Bölgede incelemelerde bulundukları sırada bir yangının çıktığını ve Tarım ve Orman Bakanı ile görüşerek helikopter istediğini anlatan Destici, helikopterin kısa sürede bölgeye intikal ederek müdahale ettiğini söyledi. Marmaris’te yangın söndürme ekiplerine destek olmak için su taşırken hayatını kaybeden Şahin Akdemir için başsağlığı dileyen Destici, şunları söyledi: "Yangın esnasında, ülke genelinde, geçmişte yaşanan benzer acı olaylarda olduğu gibi, vatandaşlarımız, el ele, omuz omuza mücadele verdiler. O mücadele esnasında hiç kimsenin aklına, bir diğerinin dini, dili, mezhebi, etnik kökeni, oy verdiği siyasi parti gelmedi. Çünkü ateş, hepimize ait olan vatanın, hepimizin istikbalinin, bir parçasını küle çevirirken, hepimiz o ateşi söndürmek için hep birlikte mücadele ettik."
'HELP TÜRKİYE'
Son dönemde, ülkemize yönelen her tehdidin doğal lobicilerini, bu kez, yangınlarla ilgili sosyal medyada oluşturulan “Help Türkiye” kampanyasında gördüklerini belirten Destici, "Biz büyük bir millet ve güçlü bir devletiz. Diğer tüm afetlerde olduğu gibi, komşularımızla ve diğer dünya devletleriyle yardımlaşmamız, yardım kabul etmemiz yahut yardımda bulunmamız, bu durumu olumlu ya da olumsuz değiştirmeyecektir” dedi.

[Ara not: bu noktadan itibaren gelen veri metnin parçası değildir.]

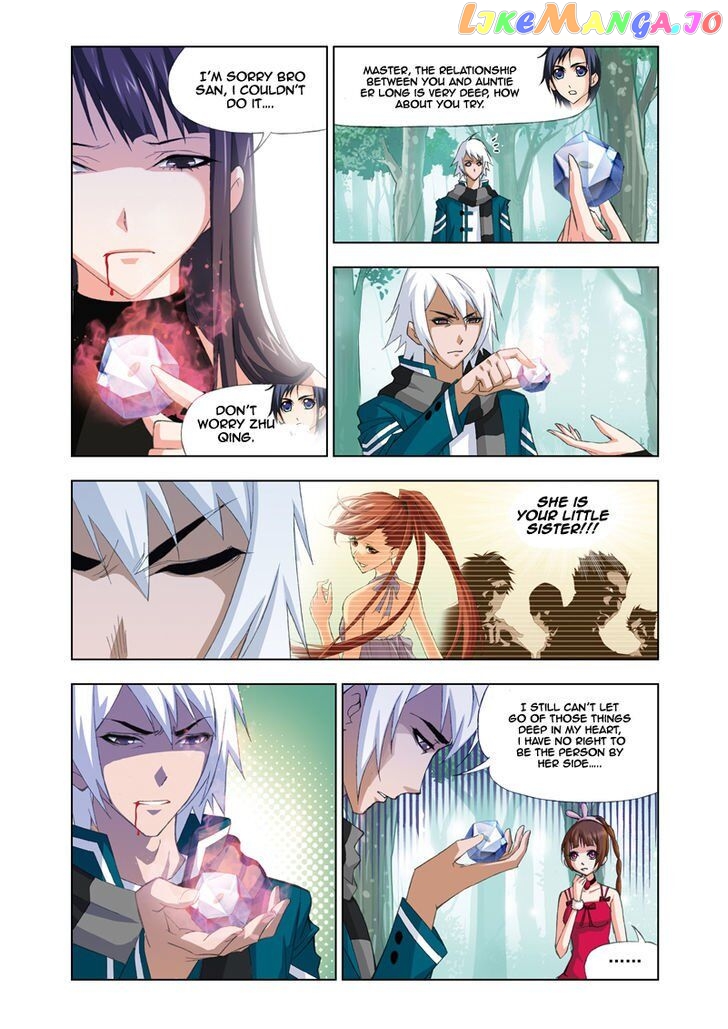 Soul Land ( Douluo Dalu ) Chapter 68 - page 20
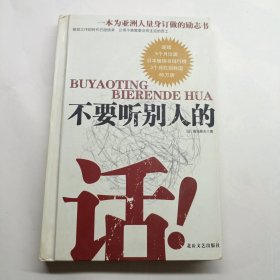 不要听别人的话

Konya’da meydana gelen olayda 7 kişinin hayatını kaybetmesi üzerine konuşan Destici şu ifadeleri kullandı:"Aynı ihanet şebekesini, bu kez de Konya'da iki aile arasında husumet kaynaklı meydana gelen adli bir vakayı bir Kürt-Türk çatışmasına dönüştürme gayreti içerisinde, bir ayaklanma, bir iç savaş çıkarma hevesi içinde görüyoruz. Kişi karşısındakini kendisi gibi bilirmiş misali; katil sürüsü PKK ve onun sözcüleri, içlerindekini dışarıya vurmuştur. Lakin geçmişte olduğu gibi bugün de yarın da kardeşi kardeşe kırdırmayı başaramayacaklar.”

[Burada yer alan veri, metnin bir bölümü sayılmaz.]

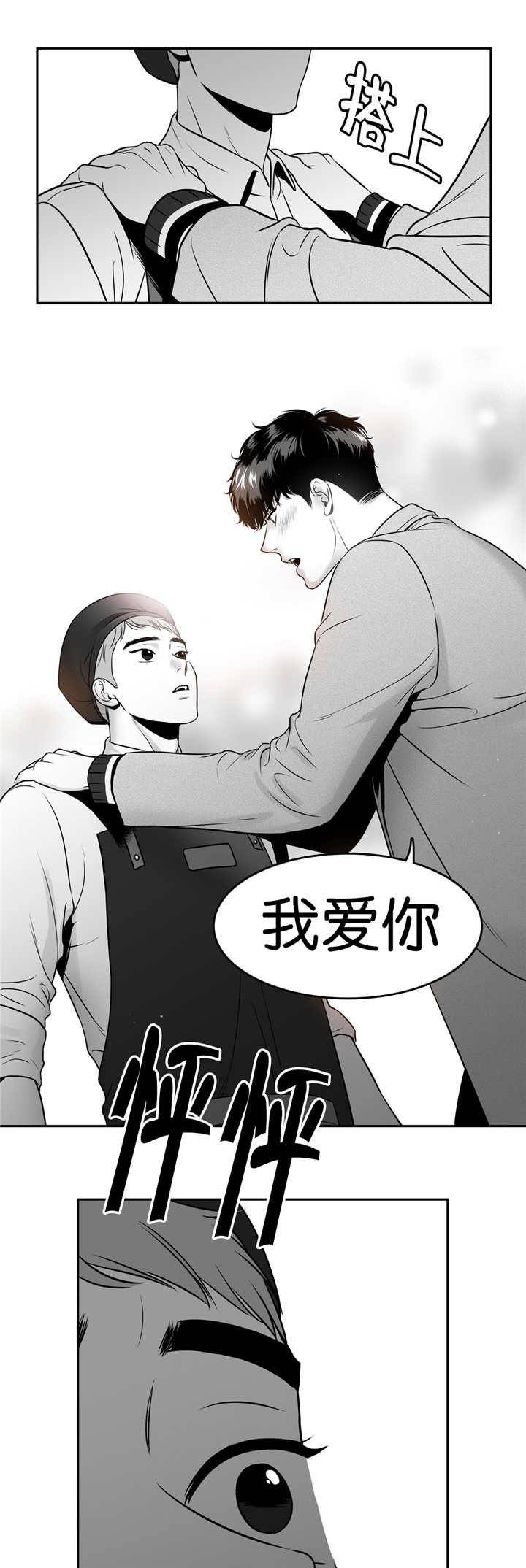 东播漫画,第116章：要说出来4图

“BİZ CUMHUR İTTİFAKI OLARAK RAHATIZ”
Destici, HDP'nin cumhurbaşkanı adayı olarak Selahaddin Demirtaş’ı aday göstereceği iddiasına yönelik kimin aday olacağının fark etmeyeceğini belirterek "O da terörist öteki de terörist. Kim ne derse oraya gidiyorlar. Çünkü kendi iradeleri yok Kandil’e karşı. Kandil de ABD’den emir alıyor. HDP kendi adayını çıkarıyorsa onu da Millet İttifakı düşünsün. Biz rahatız Cumhur ittifakı olarak. Çünkü bir taraftan ortak değiliz diyorlar ama diğer taraftan HDP ile alttan alttan görüşüp iş birliğini arka planda devam ettiriyorlar” dedi.